▸ Action item
Reproduce only this stretch of the listing below: from the line with "this 1270×952 image." through the line with "this 500×332 image.", exactly as written, with pictures excluded.

▸ Information provided
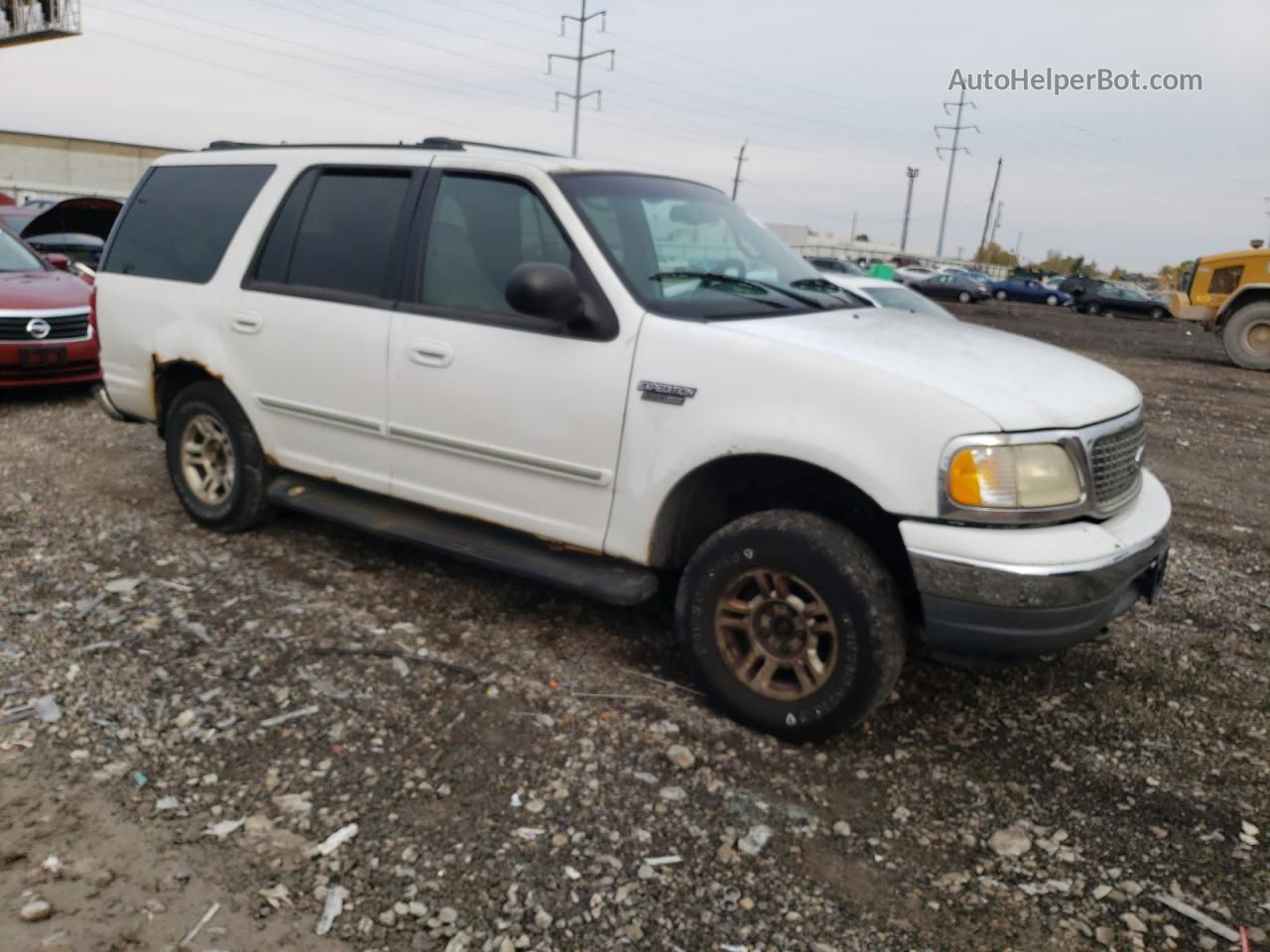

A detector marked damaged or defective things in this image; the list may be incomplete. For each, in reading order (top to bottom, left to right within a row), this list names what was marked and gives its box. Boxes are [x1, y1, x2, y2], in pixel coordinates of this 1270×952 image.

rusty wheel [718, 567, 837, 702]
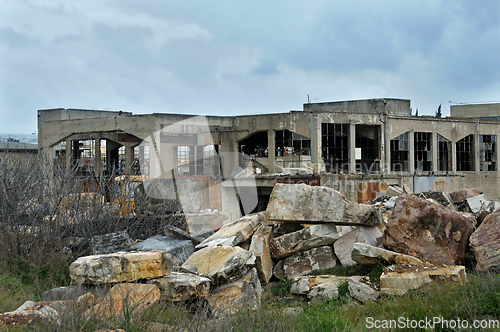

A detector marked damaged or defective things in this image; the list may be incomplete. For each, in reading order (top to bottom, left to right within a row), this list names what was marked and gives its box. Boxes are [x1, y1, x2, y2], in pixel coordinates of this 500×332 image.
==
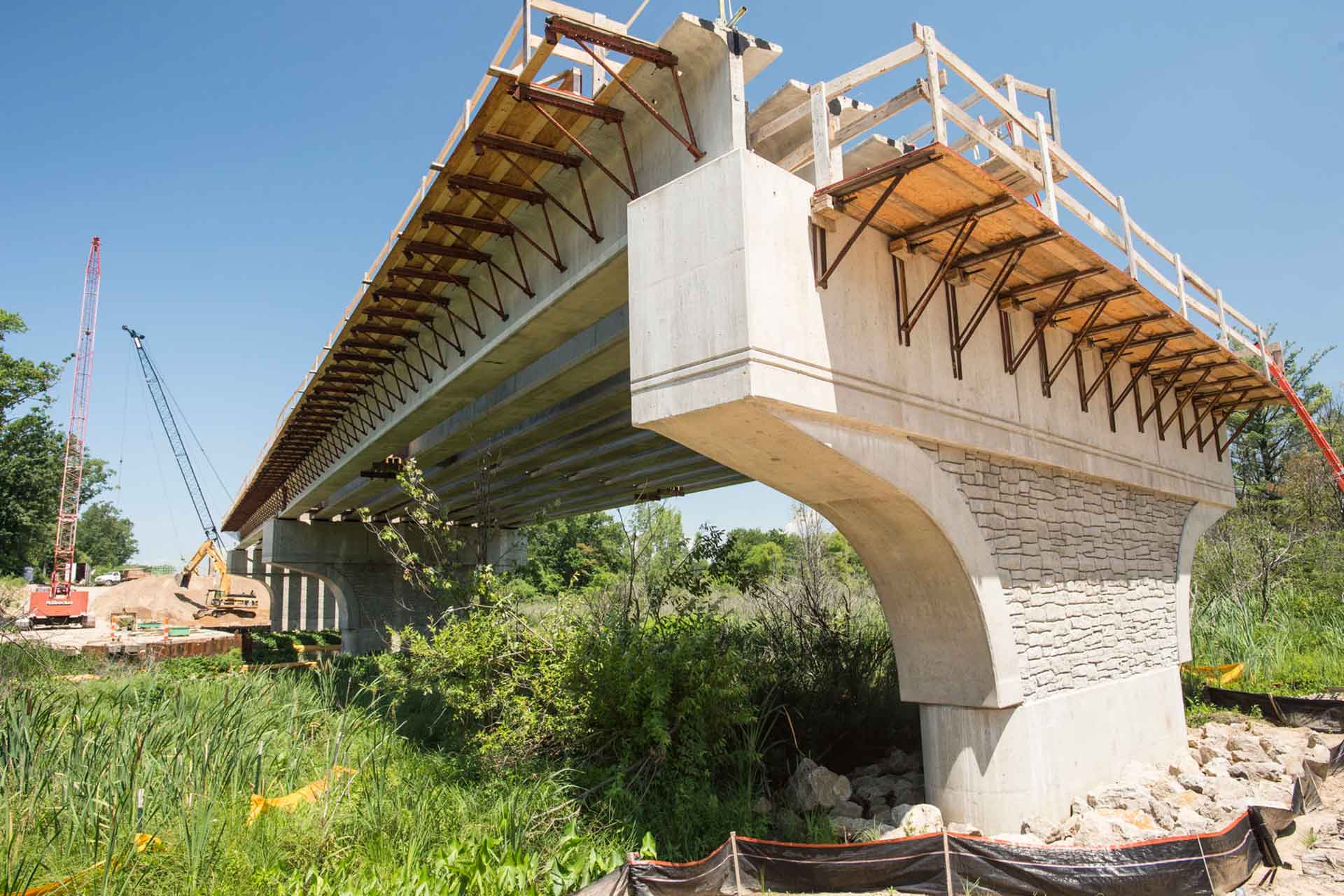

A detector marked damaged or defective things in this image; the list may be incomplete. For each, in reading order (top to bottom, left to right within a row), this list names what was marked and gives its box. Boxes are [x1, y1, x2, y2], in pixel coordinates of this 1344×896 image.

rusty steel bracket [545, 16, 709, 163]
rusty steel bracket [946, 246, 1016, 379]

▸ Response to the exercise
A detector marked damaged or defective things in this image; the list may be incomplete. For each, in reading order (top to bottom, left to right within a row), this list names what was marked and gives its box. Boxes are [x1, y1, x2, y2], in pixel coordinates of this 1270×952 image.

rusty wheel [718, 567, 837, 702]

A detector marked damaged or defective things in this image; the list may be incomplete. For each, in reading order (top to bottom, left to right within a row), this list names what was marked and gives its box. Boxes are [x1, y1, x2, y2], in pixel coordinates of this 500×332 image.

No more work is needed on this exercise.